Interior, Frederiksberg Alle , c.1900, Oil on canvas, 56 x 44,5 cm, Private Collection
Interior, Frederiksberg Alle (Vilhelm Hammershøi, c.1900)

And do you consider these kinds of little sounds a part of the punctuation [of the film] as well, alongside the editing?

Yes, yes. Sounds sometimes can be funny. I mean, the teapot is deliberately slightly over-recorded, because when you are inside and it’s uncomfortable, you hear every sound. It seems incredibly loud. I used to go to drama class every day as an amateur and a friend of mine there said “Come up for some tea on Sunday at 3 o’clock and let’s watch the football game.” I can’t bear sports, football especially, I just think it’s so boring. Anyway, we were watching this bloody football match and I was given an apple. When you don’t like something, you know, you get very bored very quickly, and I thought, “Oh I’ll bite into this apple.” And I went, [imitating loud apple crunching sound] and he looked at me and they’d almost scored a goal and then missed it. And so I had this piece of apple in my mouth and I thought, “Well I’ll wait until there’s another dull bit.” And then I went [imitating a myriad of smaller apple crunches]. He looked at me because they’d missed another goal and he said “You’re doing it deliberately!” I’ve never forgotten, and it sounded so loud.

On a completely different note, there is a sequence dealing with the American Civil War. Why did you take that moment away from Dickinson to focus on the Civil War?

Austin Dickinson is made to stay at home and not fight. A lot of people didn’t see any battles. It’s not like modern warfare, where you bomb the civilians. It was something that was removed; you never saw it. In fact, when the first battle of the Civil war took place, people went out in carriages to look at it. If you could imagine a war that is taking place but you don’t see it, it’s much more powerful… because you don’t know what’s going to happen. What would’ve happened, say, had the North been defeated? What would’ve happened? They would’ve had slavery. Although the reality is, the founding fathers all had slaves. So it was an idea of “we’re all equal, but some people are more equal than others.”

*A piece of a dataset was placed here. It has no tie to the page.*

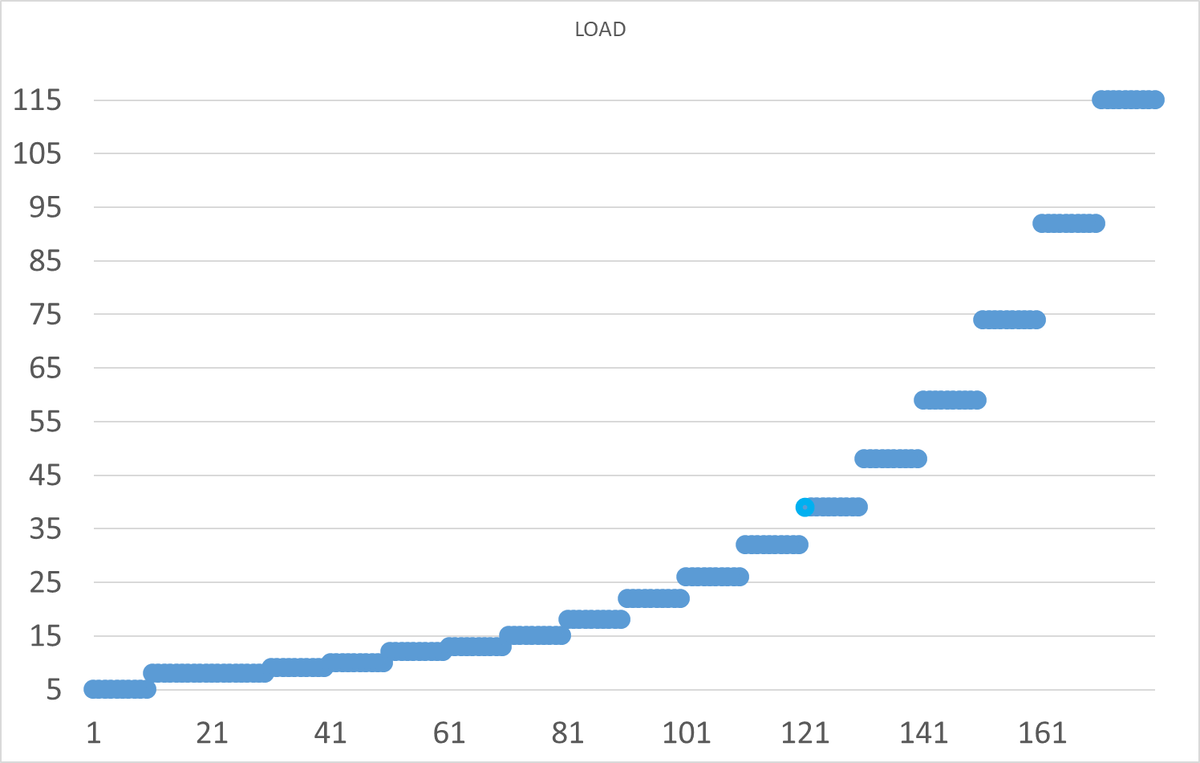 Ось X - точка наблюдения. Ось Y - количество сессий pgbench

Which we see continuously with Dickinson pointing this out [in the film] and that even if they abolish slavery, women’s rights are still horrendously behind, and this bit about relating marriage to slavery?

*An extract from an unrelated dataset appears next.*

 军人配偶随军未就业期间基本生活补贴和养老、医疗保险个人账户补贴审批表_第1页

Because it was if you were a woman. You became a man’s property. I mean, we can’t imagine it nowadays, but that’s what happened, you just became this property. It was usually about money. It is a kind of statement, you know? And there were certain things that were very restricted by convention as to what you could or couldn’t do as a woman. If you were not working class you were not allowed to make a living, and even then, in the 1840s, the former students became teachers and as soon as they got married, they were dismissed. So life was restricted, even in America, although there are many more similarities than anywhere else. As soon as you got married, your job ended. Let’s not forget the men were oppressed as well. By being the oppressors, they oppressed themselves. I can remember when I was growing up, no man ever cried at a funeral. If you wanted to cry, you went out on your own. You just didn’t do it. You’d be told – I remember hearing women say to their husbands, “No tears. I’d be embarrassed.” So you were restricted then. You were expected to go out and get money. But there were certain things as a man you just could not do. And people forget that as well. Of course, if you’re the one who’s oppressing, obviously you’ve got more advantages than those who are oppressed. But it still imposes certain restrictions on you. Because you’ve got to uphold what was expected of you. Not even that you’ve got to uphold it, but you feel that it’s what you’ve got to do. That’s the important thing. But that’s what makes human beings so interesting.